Page:Revue des Deux Mondes - 1896 - tome 137.djvu/25

La bibliothèque libre.
Le texte de cette page a été corrigé et est conforme au fac-similé.

Il est naturel que personne n’ait songé à nous dire ce qu’étaient les courses de chevaux et de chars à Dougga : qui s’occupait de Dougga à ce moment ? Mais les choses devaient s’y passer en petit comme à Rome, et si nous voulons avoir une idée des fêtes auxquelles on assistait dans notre hippodrome, il suffit de se mettre devant les yeux celles qui se donnaient dans le grand cirque. Rien n’est plus facile ; il en est parlé un peu partout, mais nulle part peut-être d’une manière aussi intéressante et aussi vivante que dans une élégie qui fait partie des Amours d’Ovide.

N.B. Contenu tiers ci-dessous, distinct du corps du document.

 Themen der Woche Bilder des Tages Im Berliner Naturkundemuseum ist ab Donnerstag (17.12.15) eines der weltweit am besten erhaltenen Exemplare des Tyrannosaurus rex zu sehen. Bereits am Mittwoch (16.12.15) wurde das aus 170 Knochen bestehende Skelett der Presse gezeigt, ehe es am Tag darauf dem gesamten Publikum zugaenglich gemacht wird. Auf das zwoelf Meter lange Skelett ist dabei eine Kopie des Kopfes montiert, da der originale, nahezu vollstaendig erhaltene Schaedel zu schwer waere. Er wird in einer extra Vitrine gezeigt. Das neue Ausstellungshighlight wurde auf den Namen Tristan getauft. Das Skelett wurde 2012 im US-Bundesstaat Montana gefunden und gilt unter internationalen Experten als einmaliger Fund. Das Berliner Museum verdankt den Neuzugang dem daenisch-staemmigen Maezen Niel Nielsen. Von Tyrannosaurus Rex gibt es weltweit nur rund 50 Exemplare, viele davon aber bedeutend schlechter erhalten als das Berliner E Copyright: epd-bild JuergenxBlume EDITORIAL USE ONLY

Voici comment la poésie légère a été amenée à s’occuper des jeux du cirque. C’étaient les seuls, à Rome, où les femmes n’étaient pas reléguées à une place spéciale et se mêlaient librement aux hommes ; et peut-être est-ce une des raisons de leur succès. Les femmes se montraient rarement en public ; dans les temples, sous les portiques, on ne les voyait qu’un moment ; au cirque, on pouvait passer de longues heures auprès d’elles ; les gens qui, comme Ovide, étaient en quête de bonnes fortunes, ne négligeaient pas une occasion si favorable. Il nous raconte qu’il n’a aucune passion pour les chevaux de noble race, mais que, voulant trouver le moyen de s’entretenir avec une jolie femme qu’il a remarquée, il l’a suivie au cirque. — Elle va regarder les jeux ; lui, la regardera ; de cette manière tous les deux jouiront de leur spectacle préféré[1]. — Il s’assied donc près d’elle, aussi près que possible ; et comme d’abord elle fait mine de s’éloigner, il lui fait observer qu’elle n’ira pas bien loin. Pour éviter les contestations, chaque place est marquée par une ligne tracée sur la pierre ; on ne peut pas la dépasser. À ce propos, il s’occupe des voisins ; il les surveille, il les prie de ne pas gêner la dame qu’il protège. Il veut qu’elle soit à son aise : sa robe est (un peu traînante, il s’empresse de la relever, ce qui lui donne l’occasion d’entrevoir un pied charmant,


Et, quand on voit le pied, la jambe se devine[2].


Le petit banc n’est pas encore en usage, mais Ovide fait remarquer à sa voisine qu’on a ménagé le long du gradin inférieur un rebord qui lui permet d’appuyer le bout de son pied. Il s’aperçoit qu’elle a chaud : le velum tendu au sommet de l’hippodrome ne défend qu’imparfaitement du soleil ; mais précisément il tient à la main le programme de la course, qu’on lui a sans doute remis à la porte, et il s’en sert pour l’éventer. Tout d’un coup le silence

  1. Tu ludos spectas, ego te ; spectemus uterque
    Quod juvat.
  2. Suspicor ex istis et cetera posse placere.